Пашкина слава пронеслась по всем отрядам. Как его только ни называли: и Дон-Кихотом, и укротителем мустангов, и цирковым наездником.
А вот мне почему-то грустно стало, обидно за лошадей. Сколько веков они честно, безропотно тащили телеги, а теперь их машины заменяют…
Куда же лошади денутся?
БЕСПРИЗОРНИК
В марте Вовка переехал в новую квартиру, в большой шестиэтажный дом. А в мае у Вовы появилась сестрёнка Наташа. Отсюда всё и началось. В доме будто переворот произошёл. Шум, гам, никто себе места не находит. Днём все спят, а ночью жгут свет, кормят Наташку, бегают на кухню за пелёнками. Бабушка — так та прямо запуталась в пелёнках и клеёнках.
Каждый вечер приходят гости и приносят подарки. Они поздравляют маму и папу, разглядывают красное, как помидорина, Наташкино лицо и восхищаются: «Ах, какая красавица! Ах, какая прелесть!…»
«Там и смотреть-то не
на что,- думает Вовка.- Тоже событие! Вон у Толи Мазина отец голубую «Волгу» купил, и то меньше шума было. А здесь только и знают: «Натуленька!… Наташенька!… Натусенька!…» — будто кроме неё никого на свете нет».Вова нарочно зубы перестал чистить. Четвёртый день не чистит — никто не замечает. Бабушка в тетрадки и не заглядывает. Отец только и знает, что кричит: «Не путайся под ногами».
Ходит Вова по комнатам, опустив голову, и думает: «Никому я теперь не нужен. Никто меня теперь не любит, не жалеет. Вот возьму и уйду. Они и не заметят, что человека не хватает…»
Вова остановился перед зеркалом, посмотрел на свой растрёпанный чуб, на чернильное пятно под носом и решил пойти в безпризорники. Бабушка о них ему много рассказывала. Она когда-то была комсомолкой и боролась с детской беспризорностью. Беспризорники были раздетые, грязные, голодные. Все их жалели. Сам Феликс Эдмундович Дзержинский заботился о них: строил для них детские дома и колонии.
«Уйду насовсем! Пусть меня тоже все жалеют. Тогда дома небось забегают! Даже про Наташку забудут…»
У Вовы, который стоял в зеркале, покраснели глаза, нос задёргался, как плохо пришитая пуговица, и весь он стал каким-то жалким, несчастным.
«Уйду и всё! — окончательно решил Вова.- Пусть знают!»
Ночью он долго не мог уснуть, а когда уснул — приснилось ему, что он уже беспризорник; бродит по улицам, холодный, голодный. Люди его очень жалеют: качают головами, разводят руками и у всех слёзы на глазах.

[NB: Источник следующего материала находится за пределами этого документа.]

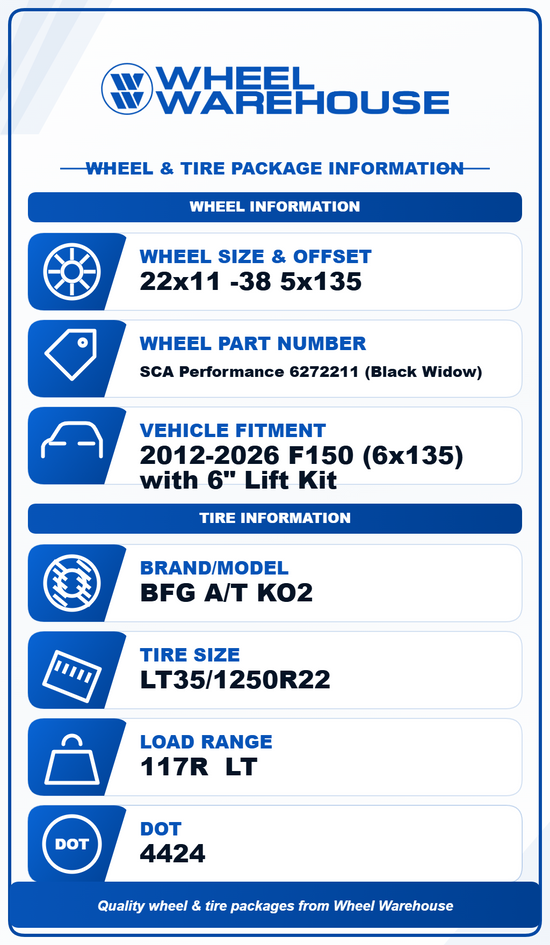 F150 SCA Performance Black Widow 22" Satin Black Wheel & Tire Set 22x11 6x135 w/ BFG KO2 LT35x12.50R22 — Take-Off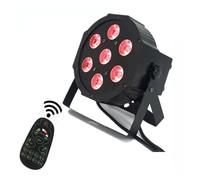 KAKAK Luce della fase del LED, Controllo wireless 7x18W LED Flat Par Light 6in1 LED DJ Wash Light Stage DMX Light Lampada 6/10 canali(Black_7x18W RGBWA UV)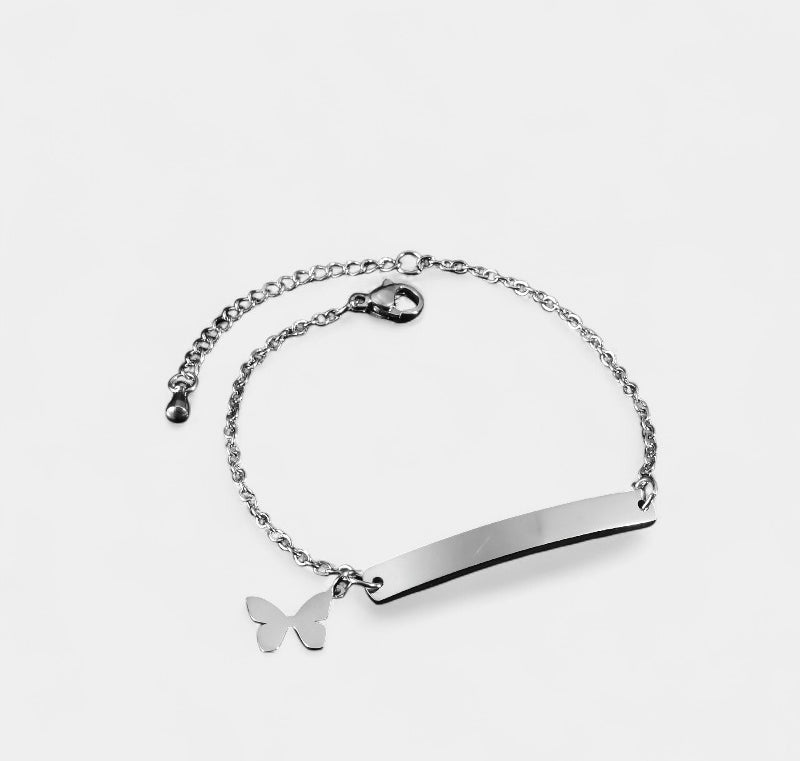 Virelle-Bracelet-Virelle Armband of Enkelband - Titanium stalen armband met hart- en sterbedels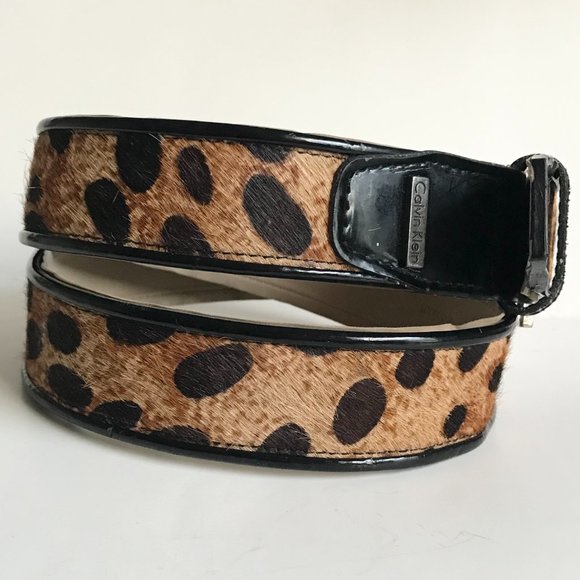 Vtg Calvin Klein Brown Black Leather Belt Womens Size M Cow Fur Spots Cowgirl - Picture 2 of 16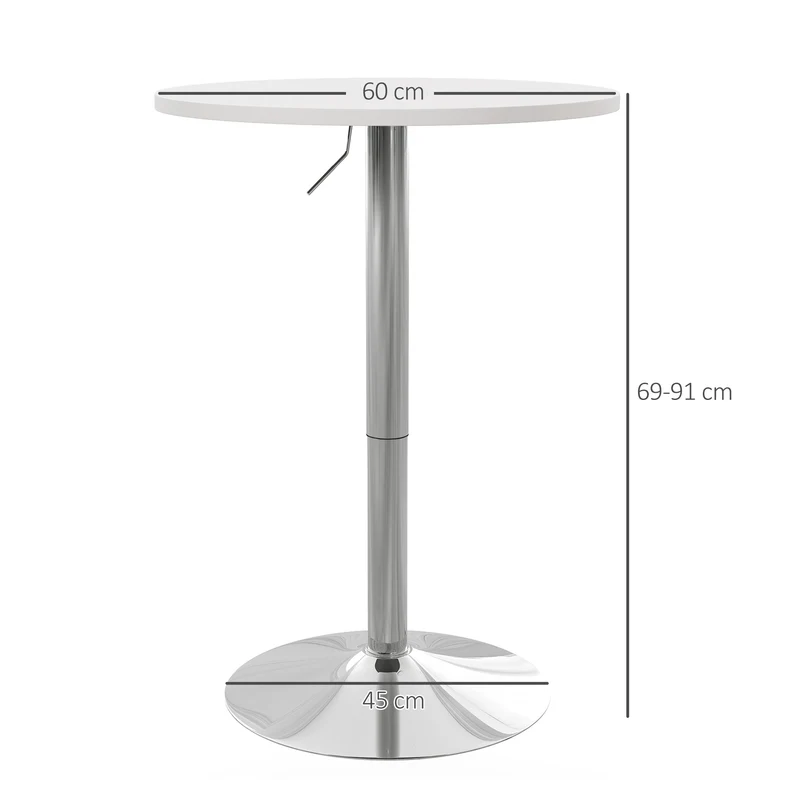 Table de bar ronde 60 x 60 x 69-91 cm hauteur réglable plateau pivotant 360° compact contemporain moderne en MDF blanc 21_0003223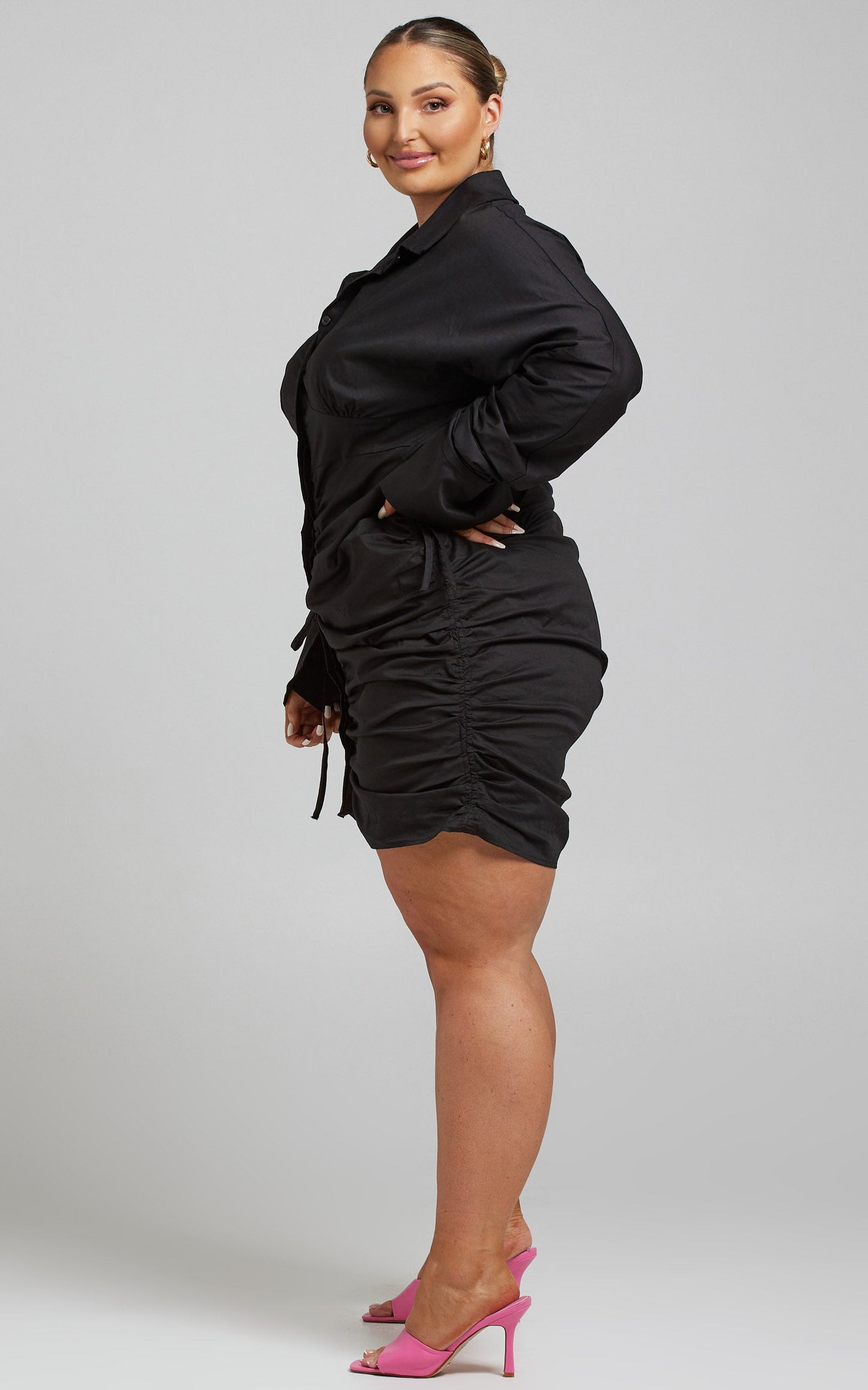 Ida Mini Dress - Ruched Button Up Shirt Dress in Black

Потом неизвестно откуда на красной машине приехали Дзержинский и бабушка с комсомольским значком на старой вязаной кофточке. Феликс Эдмундович строго, как на портрете, смотрел на людей, а бабушка сидела рядом и держала в руках пелёнки. Она всё время вертела головой и делала вид, что не замечает Вовы. Потом показала Дзержинскому на часы и сказала: «Мне пора идти пеленать Наташу». Сказала и исчезла. А Феликс Эдмундович взял его в свою машину, и они поехали.
Сначала машина быстро мчалась по улицам, а затем полетела в небо, прямо в облака, мягкие и тёплые, как перина. Феликс Эдмундович ласково смотрел на беспризорного Вовку, гладил по голове, а потом похлопал по плечу и… поцеловал. У Вовы от радости так застучало сердце, что он проснулся. Оказывается, он сидел не в машине, а на перине, а вместо Дзержинского рядом сидела мама с Наташкой на руках. Мама целовала его, ласково тормошила и приговаривала:
— Вставай, лодырь! Вставай! Посмотри хоть на свою сестричку. Она у нас такая умненькая, красивенькая, мы её за это все любим! — и положила рядом Наташку. Вова отвернулся и натянул одеяло поверх головы.
А мама продолжала:
— Ух, какие мы стали сердитые! Наташенька на нас будет обижаться…
— Ещё я и виноват! — загудело под одеялом…
Когда мама унесла Наташку в другую комнату, Вова вскочил с постели и начал рыться в корзине со старой одеждой. Сперва он достал свои рваные штаны, которые даже бабушка не смогла починить, потом рубаху с двумя заплатами: одной на спине, другой на лотке. Натянув всё это на себя, он закрылся в умывальнике и пустил шумную струю воды, но умываться не стал. За столом он ел всё, что ни давали. И даже макароны ел с хлебом. Две тарелки их съел. Это на всякий случай, если день-два голодать придётся.